- What the exercise asks
Retype each entry exactly. Skip any pictures.
::: Recorded data :::
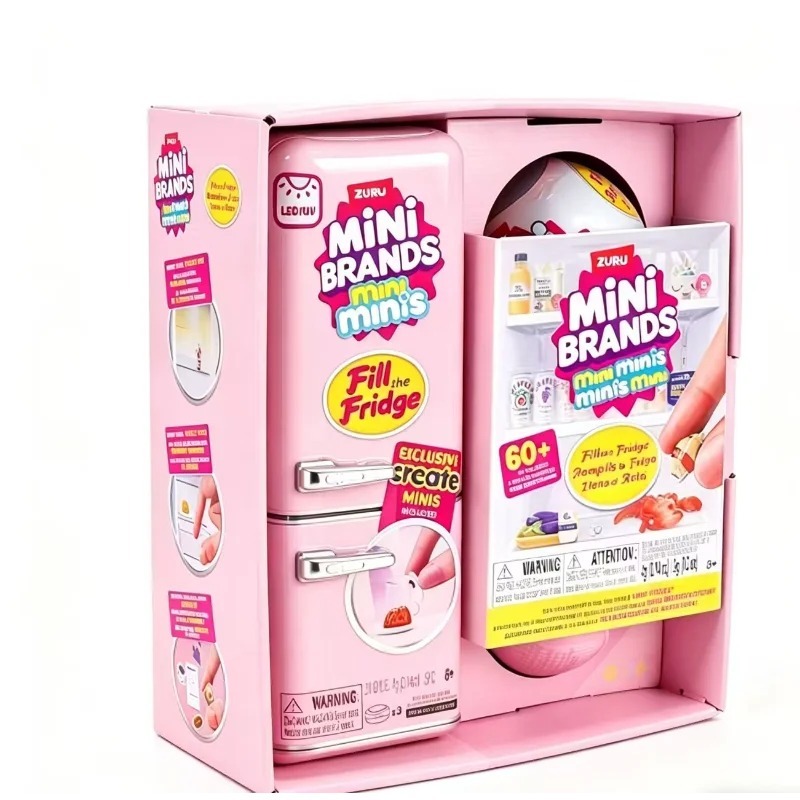 Original Fill The Fridge Mini  - Kids Toys Brand review and price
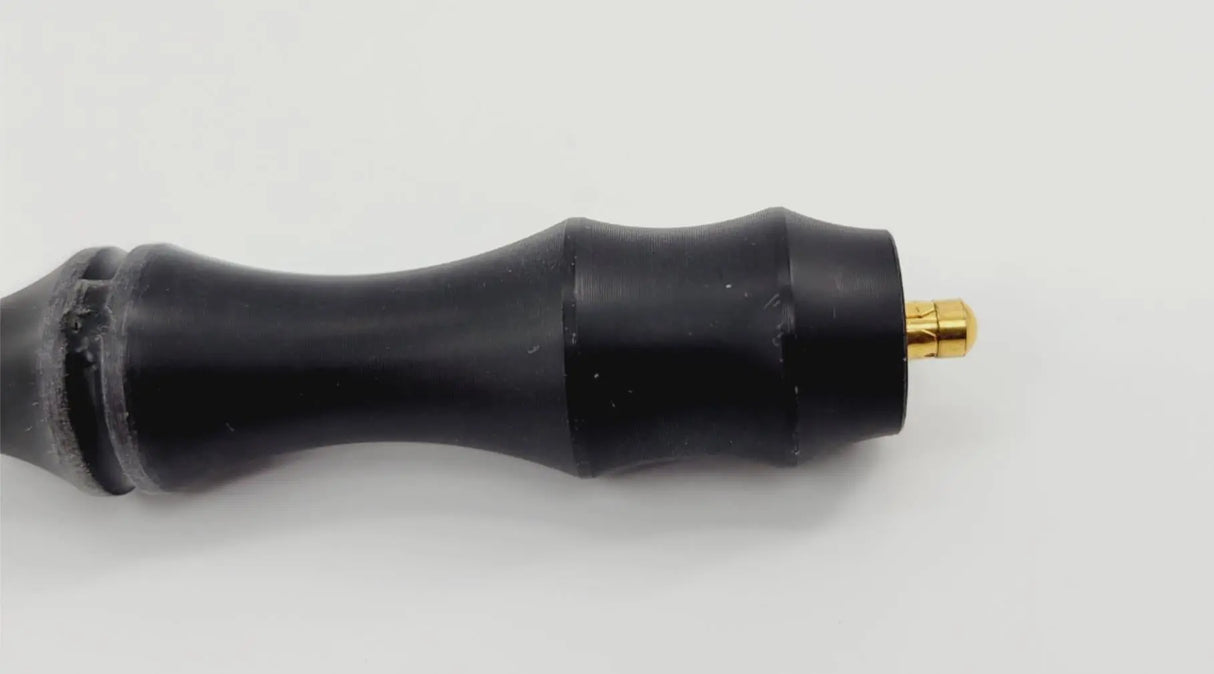 V. Mueller F256.41 5mm Spatula Electrode Non-Take Apart w/ Cautery 15-3/4" V. Mueller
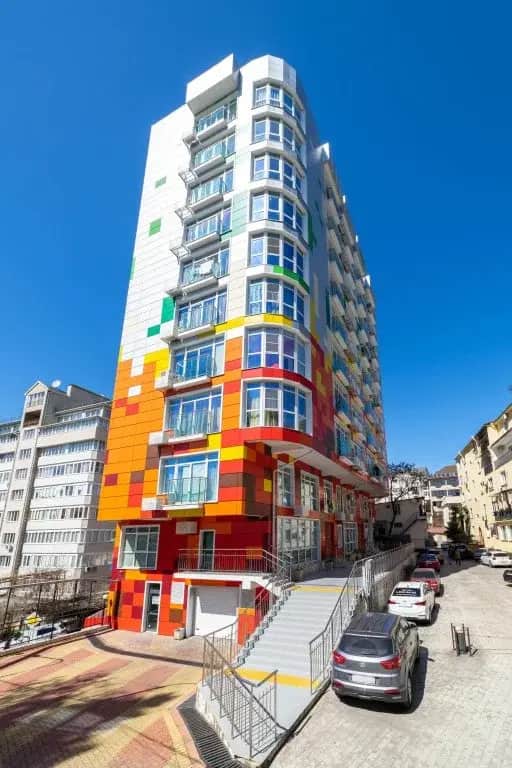 Deluxe In Maestro 2 Apartments: фото 3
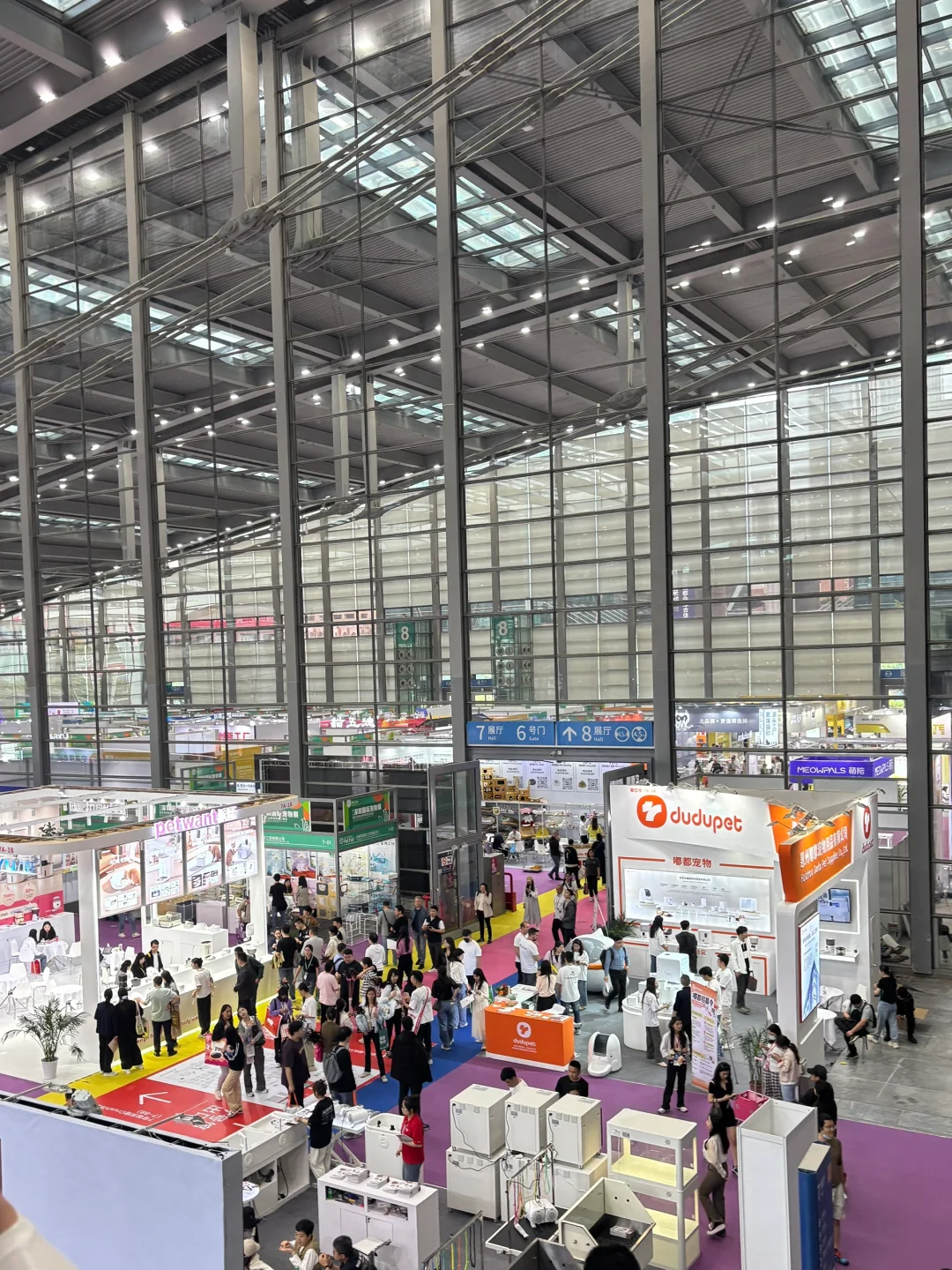 接触新行业最快的办法：参展（深圳国际宠物展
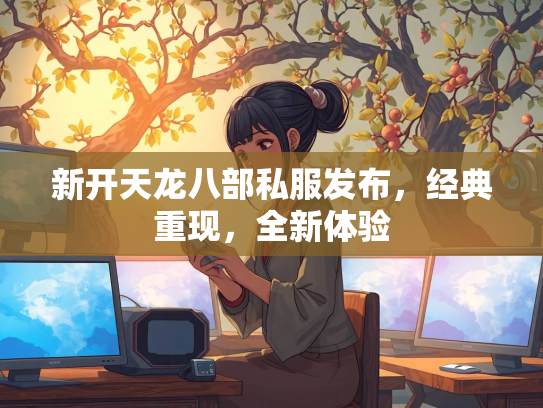 新开天龙八部私服发布，经典重现，全新体验  第1张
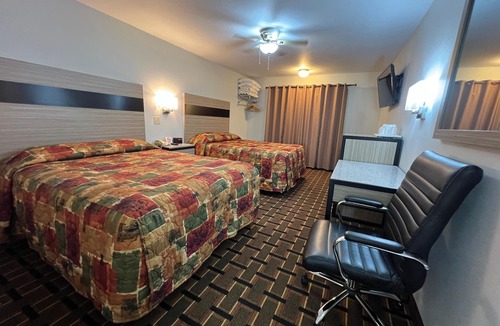 Nebraska City Hotel | Deluxe Inn Capital O Nebraska City I 29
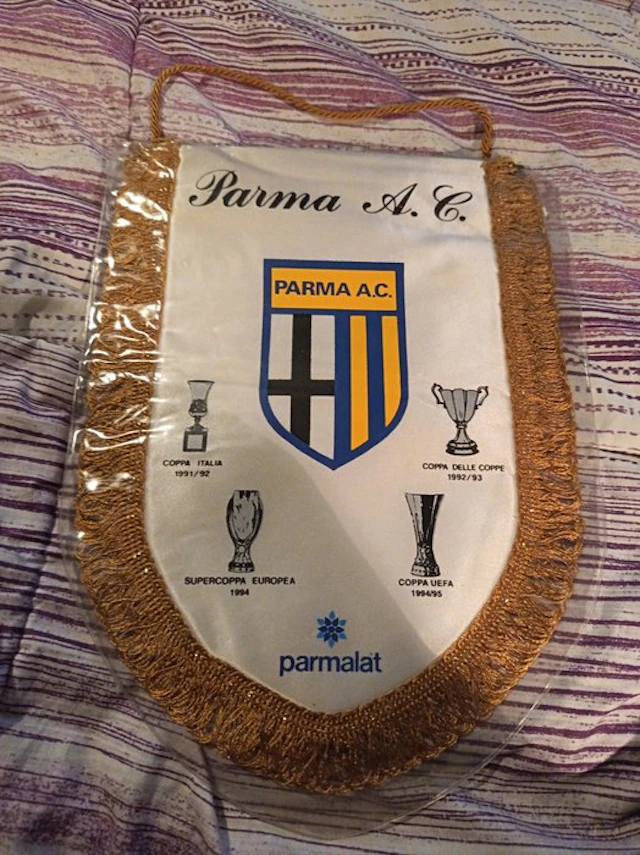 Pennant - Parma A.C. - Italy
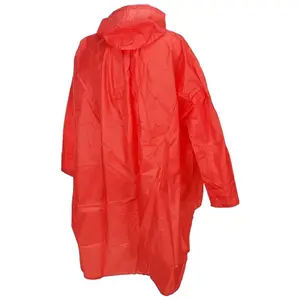 Wasserdichter Regenumhang Élémenterre Pelerin image-1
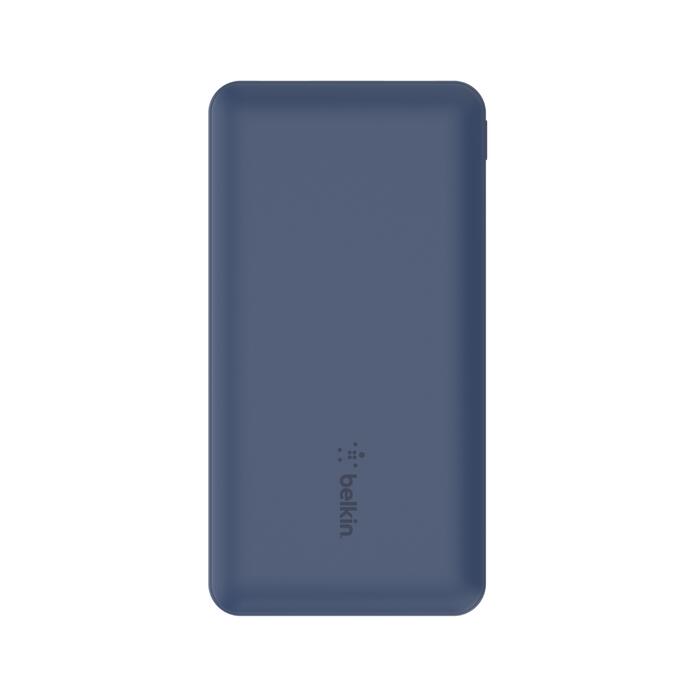 Belkin BoostCharge Powerbank 10.000 mAh, 15 W blau BPB011btBL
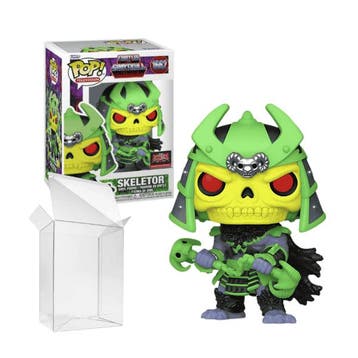 Funko Pop  Turtles of grayskull   Skeletor 1662 Targetcon, Verzamelen, Poppetjes en Figuurtjes, Verzenden, Nieuw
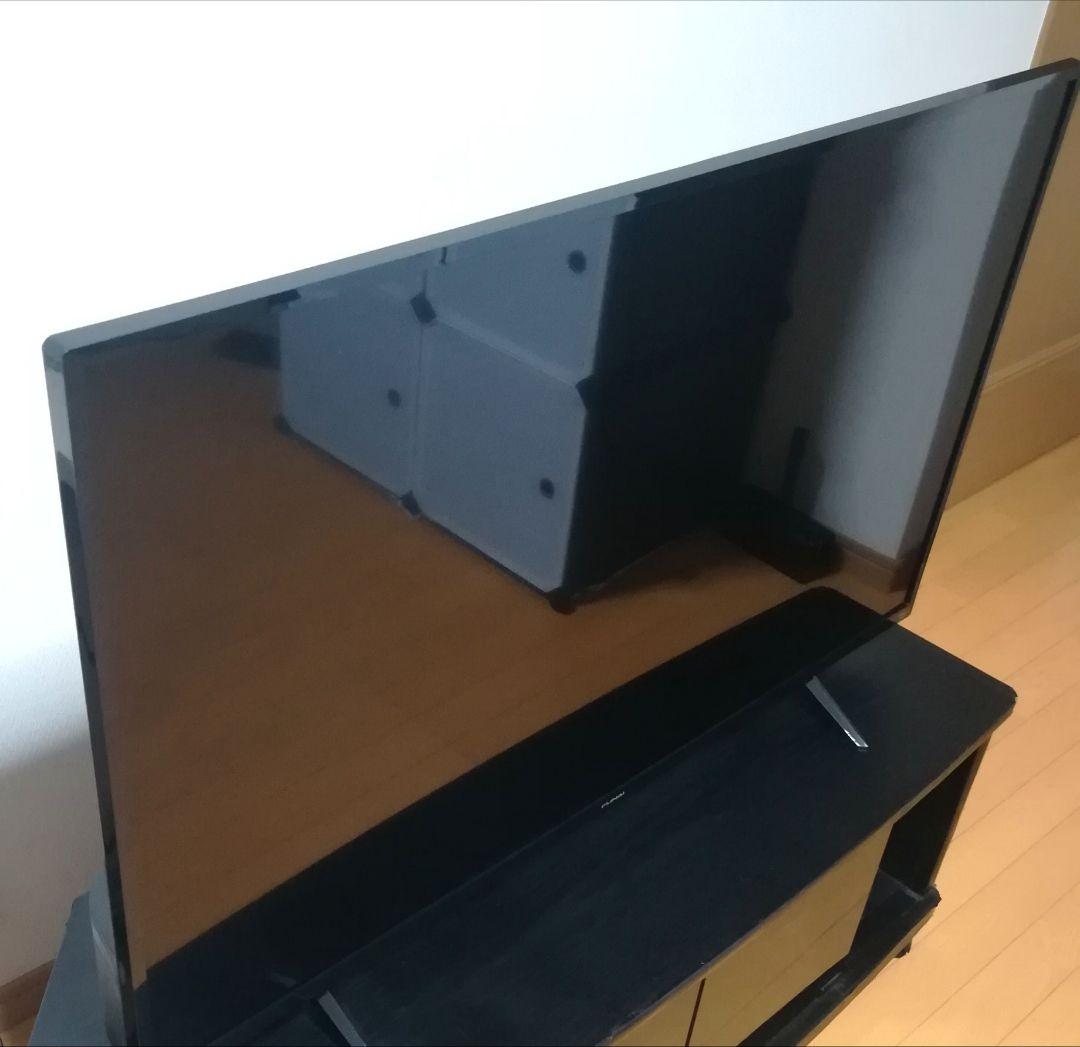 【4Kチューナー内蔵／Fire tv搭載モデル】2023年製　43型液晶テレビ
:::
- Task output
 Original Fill The Fridge Mini  - Kids Toys Brand review and price
 V. Mueller F256.41 5mm Spatula Electrode Non-Take Apart w/ Cautery 15-3/4" V. Mueller
 Deluxe In Maestro 2 Apartments: фото 3
 接触新行业最快的办法：参展（深圳国际宠物展
 新开天龙八部私服发布，经典重现，全新体验  第1张
 Nebraska City Hotel | Deluxe Inn Capital O Nebraska City I 29
 Pennant - Parma A.C. - Italy
 Wasserdichter Regenumhang Élémenterre Pelerin image-1
 Belkin BoostCharge Powerbank 10.000 mAh, 15 W blau BPB011btBL
 Funko Pop  Turtles of grayskull   Skeletor 1662 Targetcon, Verzamelen, Poppetjes en Figuurtjes, Verzenden, Nieuw
 【4Kチューナー内蔵／Fire tv搭載モデル】2023年製　43型液晶テレビ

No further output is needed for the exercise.